02/23/2023 - Canadian miner Teck Resources Ltd. is splitting off its metallurgical coal business into a separate public company that will be owned in part by two of its biggest steelmaking customers, the company has announced.
Called Elk Valley Resources, the new company will operate Teck’s Elk Valley mines in British Columbia, with Nippon Steel and POSCO holding equity stakes in the business. Teck is the world’s No. 2 exporter of hard coking coal.
The remainder of Teck Resources will be reorganized as Teck Metals, with a focus on copper and zinc.
“This transformative transaction creates two strong, sustainable, world-class mining companies committed to responsibly providing essential resources the world needs,” said Teck chief executive Jonathan Price.
“The transaction simplifies the portfolio of each company, allowing for strategic and financial focus and the ability to pursue tailored capital allocation strategies. It provides investors with choice in response to the evolving investment landscape, and establishes a pathway to full financial separation of the two companies over time.”

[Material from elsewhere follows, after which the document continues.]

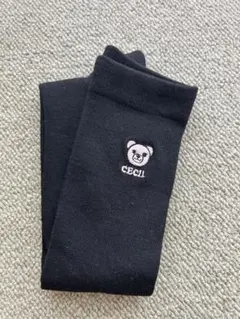 Item thumbnail for item f2bf2285-d107-4127-8280-0017d0480c5b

As part of the plan, Teck met coal customers and partners Nippon Steel Corp. and POSCO will exchange minority ownership interests in certain Teck mines for equity positions in Elk Valley Resources. POSCO will wind up with 2.5% of the common shares, and Nippon Steel, which will make a CA$1.025 billion cash investment in Elk Valley, will own 10% of the common shares.
Nippon additionally plans to sign a long-term supply agreement with Elk Valley once the spinoff is complete. The steelmaker said access to high-quality coking coal is necessary for its decarbonization efforts.
“To reduce CO2 emissions while securing stable and efficient iron production, the use of high-quality steelmaking coal is essential, because it is required to make high-strength cokes, which play important roles such as reducing CO2 emissions by improving reduction efficiency, securing enough space for hydrogen gas to penetrate in blast furnaces, and generating enough heat to melt and take iron out of blast furnaces in the hydrogen reduction process,” it said.
“In order to address a concern that steelmaking coal production capacity may shrink in the future, since capital investment for fossil fuels, including coal, has been decreasing in a trend of pursuing carbon neutrality, Nippon Steel has decided to increase its investment in high-quality steelmaking coal, which is essential in pursuing its own carbon neutral strategy,” it added.